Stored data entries
****************************************

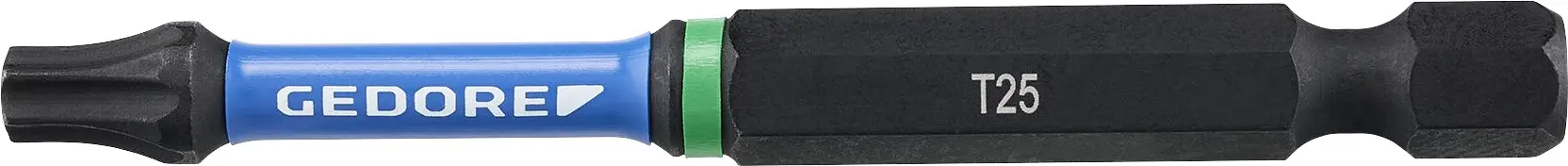Gedore 666 TR70 T15-02 sada bitů, vnitřní šestihran (TX), 1/4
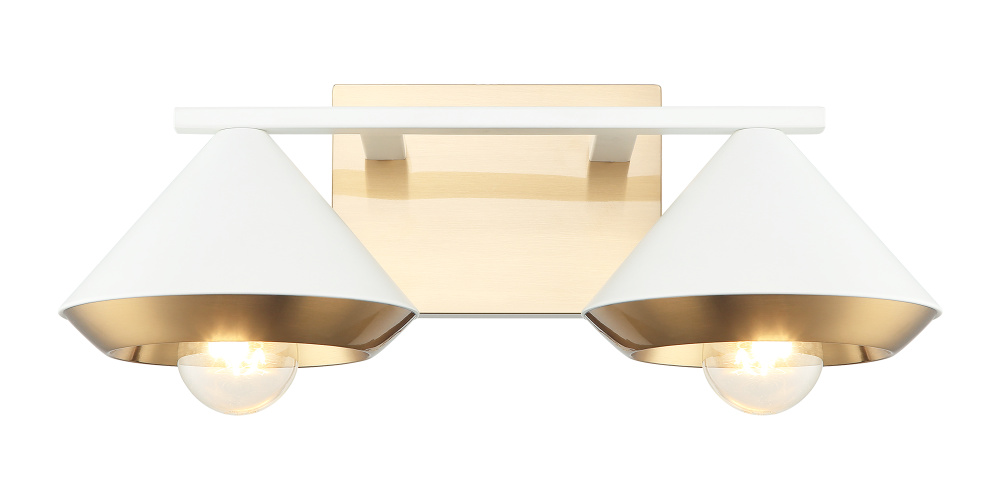 Velax White Wall Sconce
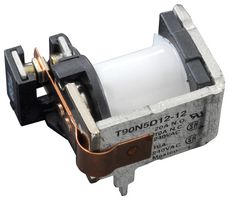 TE CONNECTIVITY - POTTER&BRUMFIELD T90N5D12-12 Power Relay, SPDT, 12 VDC, 30 A, T90 Series, Through Hole, Non Latching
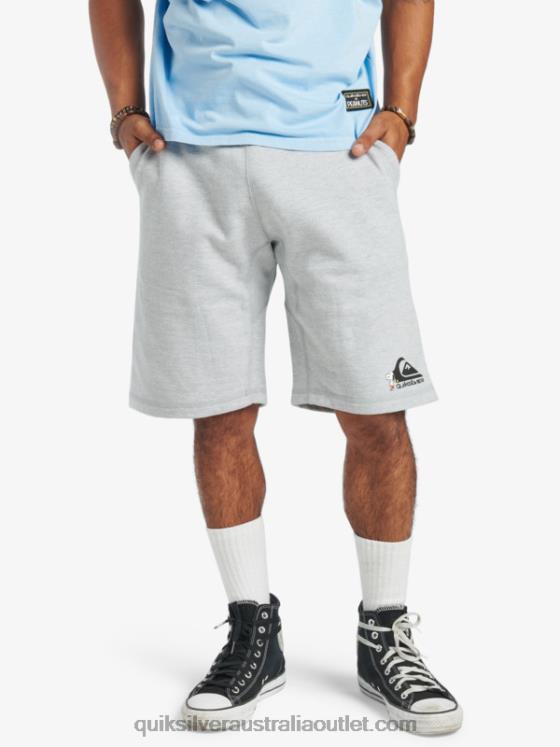 Quiksilver x Peanuts Men Local Legends Shorts H2N4B1882 athletic heather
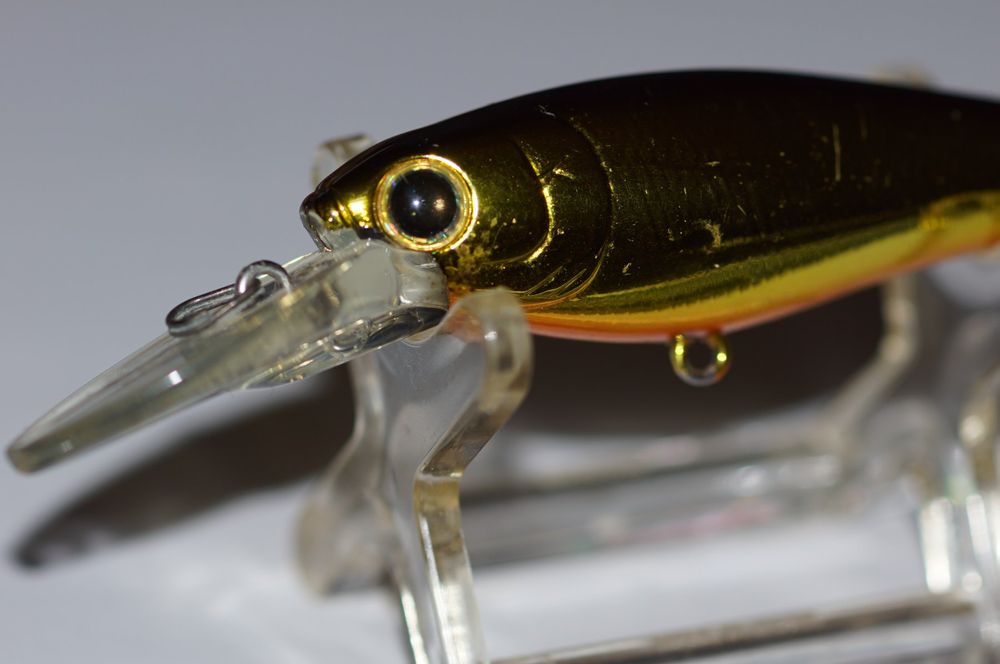 Wobbler Lucky Craft Bevy Minnow 40 SP – Leurre Flottant Pour Perche Et Truite – Japon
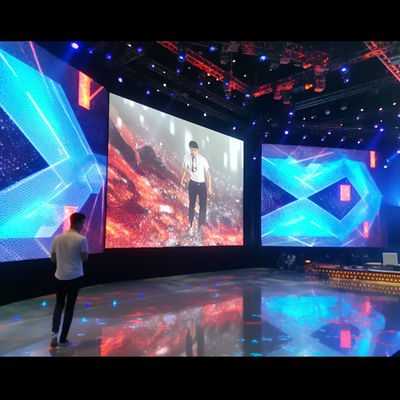 1920 x 1080 شاشة LED داخلية مع 1500 نيت الوضوح و 8ms وقت الاستجابة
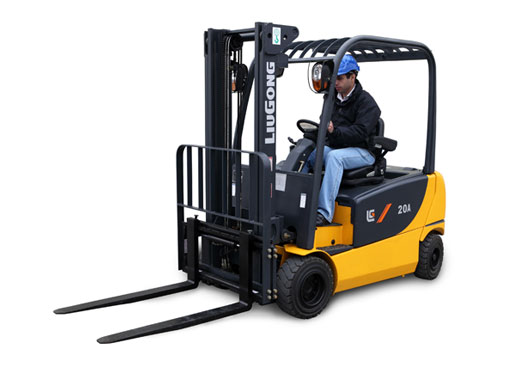 上海柳工CLG2020A电动平衡重叉车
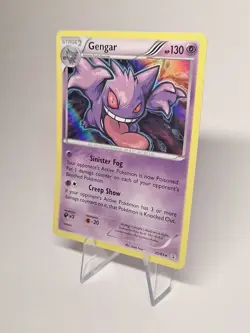 Pokemon 2016 XY Generations Gengar #35/83 Reverse Holo Rare LP - Image 3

****************************************

## WHAT YOU WILL DO
Set down every record exactly, without the pictures.

## ANSWER FOR THE TASK
Gedore 666 TR70 T15-02 sada bitů, vnitřní šestihran (TX), 1/4
 Velax White Wall Sconce
 TE CONNECTIVITY - POTTER&BRUMFIELD T90N5D12-12 Power Relay, SPDT, 12 VDC, 30 A, T90 Series, Through Hole, Non Latching
 Quiksilver x Peanuts Men Local Legends Shorts H2N4B1882 athletic heather
 Wobbler Lucky Craft Bevy Minnow 40 SP – Leurre Flottant Pour Perche Et Truite – Japon
 1920 x 1080 شاشة LED داخلية مع 1500 نيت الوضوح و 8ms وقت الاستجابة
 上海柳工CLG2020A电动平衡重叉车
 Pokemon 2016 XY Generations Gengar #35/83 Reverse Holo Rare LP - Image 3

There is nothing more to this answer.